After 20 years I have finally migrated off of the original confusion.cc server. Since I was in college confusion.cc has been hosted on a server in California. Originally on a physical box in a managed data centre, what is known as a Server Colocation or just “colo”, and later a virtual machine in the same centre. But I’m lazy and have not kept the server up-to-date since I migrated the family email server to a fully managed service ten years ago. And now the confusion.cc server is so out of date that it’s a hopeless task to try and update all the software. Things came to a head a few months ago with the release of WordPress 5.2 which requires PHP 5.6.20. Confusion.cc was limping along on PHP 5.2.5, from 2007!
So, now comes the end of the colo era for confusion.cc. The site is now running on AWS. But one does not move a two decade old website without a few issues…
After setting up a vanilla WordPress installation on an EC2 instance and a MySQL RDS instance I uploaded the confusion WordPress database and viola!

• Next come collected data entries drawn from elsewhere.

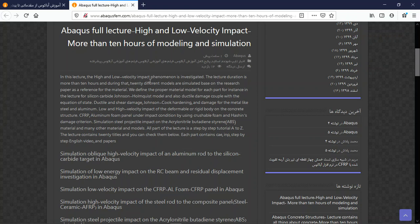For composites such as CFRP and GFRP, we use Hashin damage criteria. For plastic materials and any other material you can think of, we also provide coverage. For metals like aluminium, brass, and steel, we use ductile damage, shear damage, and Johnson-Cook hardening and damage models — everything is covered.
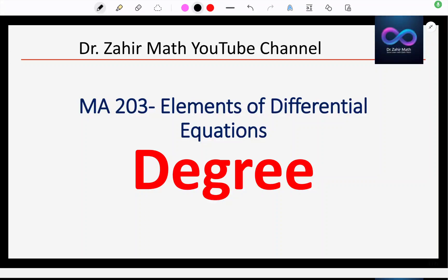Welcome to Dr. Zaheer Math YouTube channel. If you enjoy the content, don't forget to subscribe and hit the bell icon so you never miss an update.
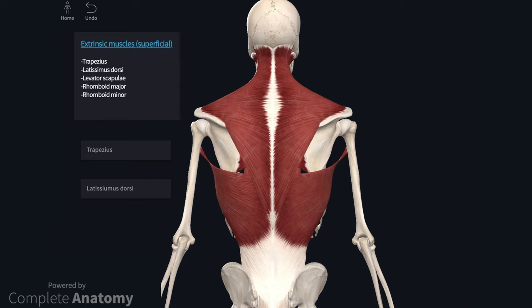The superficial layer in the extrinsic group are muscles that run between the back and upper limb. A common feature of these muscles is that all of them, except trapezius, are innervated by nerves derived from the brachial plexus. So let's start with trapezius and latissimus dorsi.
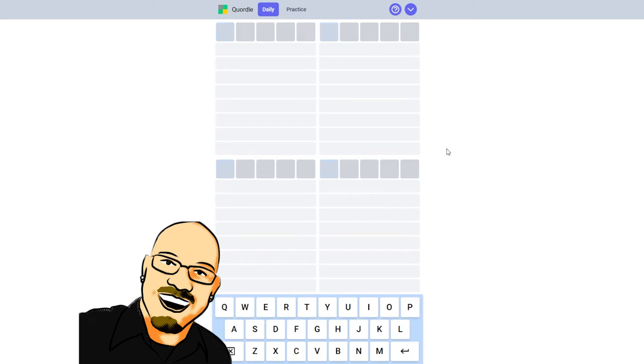Hello everyone, Sean here once again. It is April 6th, 2022, and we're back with our daily Quordle.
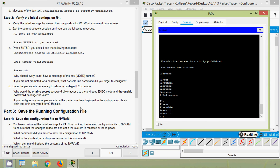If you configure any more passwords on the router, are they displayed as plain text or in encrypted form? Once you apply 'service password-encryption', all passwords currently set and any passwords set in the future will also be encrypted.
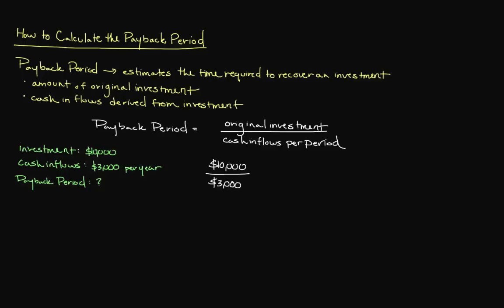Doing so gives us a payback period of 3.33 repeating. Since we used expected annual cash flow in our calculations, this number should be expressed in years. As a result, we expect to recover our $10,000 in approximately 3 years and 4 months.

What’s with all the funny characters showing up in the posts? Best I can tell the original WordPress version used on confusion (installed sometime around 2004, when WordPress was version 1!) defaulted to latin1 encoding but somewhere along the way I started using Unicode characters in posts. For some reason it all worked. Now however, the default WordPress installation uses UTF8, ergo gobbledygook… there are numerous posts out on the web documenting various ways of fixing the DB. Changing the DB config, the individual table config and even the table row config… and there are grep-sed-awk magic spells to cast on a dump file that you can then load into a new DB instance and after a few prays to the elder gods all your Unicodes are correct!

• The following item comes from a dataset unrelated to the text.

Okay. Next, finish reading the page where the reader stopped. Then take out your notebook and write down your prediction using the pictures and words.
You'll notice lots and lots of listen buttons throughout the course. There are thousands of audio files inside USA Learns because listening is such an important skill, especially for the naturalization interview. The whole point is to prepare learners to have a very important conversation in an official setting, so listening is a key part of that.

And then there was the one hack to just define the DB_CHARSET variable in the wp-config.php to ‘latin1’ and Cthulhu continues to dream, un-disturbed, in Rayleigh.

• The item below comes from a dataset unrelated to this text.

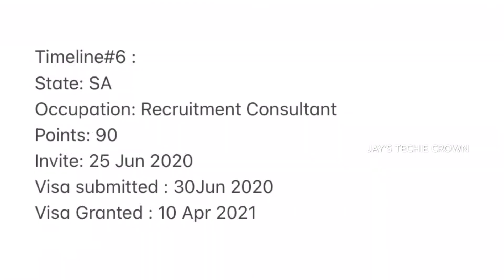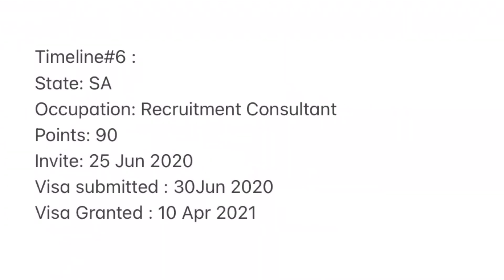Timeline 6 is for state South Australia, occupation recruitment consultant, with 90 points. The invite was received on 25th June and the visa was submitted on 30th June. The visa was finally granted on 10th April 2021, with the entire processing taking almost 10 months.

Once the posts were loading it was time to tackle all the other assets; scripts and images which on the old server were loaded from sub domains. Originally this was to allow browsers to download the assets in parallel. This is because browsers limit the number of concurrent connections to a sight. However since I don’t have an image heavy design and most scripts are loaded from other sites or CDNs I don’t think it’s a big issue. So I uploaded all the content to an S3 bucket. I had to replace all the links in the theme and posts and then add a mod_rewrite rule to redirect the requests to the S3 bucket.
I also had to drop the “/wp/” from the URL. Long ago when I setup WordPress on the colo I had other things running at the top level so putting the WordPress installation into a directory made sense. Today WordPress is the CMS for the whole site so this setup doesn’t make sense. So off with the “/wp/”, which meant meant updating any post linking back to a confusion post. (This also means that any link to a post from Google or any other random site would be broken. So I added another mod_rewrite rule). I also updated the WordPress settings. And as soon as I did all of this I couldn’t continue to load the pages using the EC2 instance IP. So I had to update the confusion.cc DNS records to point to the AWS site. So, technically it was at that point that confusion.cc moved over to AWS.
Then there was the issue with XML RPC. The WordPress apps were not working. After much investigation I managed to pin it down to lacking PHP support for XML RPC in the default installation. I had to install additional packages for PHP-XML, PHP-XMLRPC and PHP-GD.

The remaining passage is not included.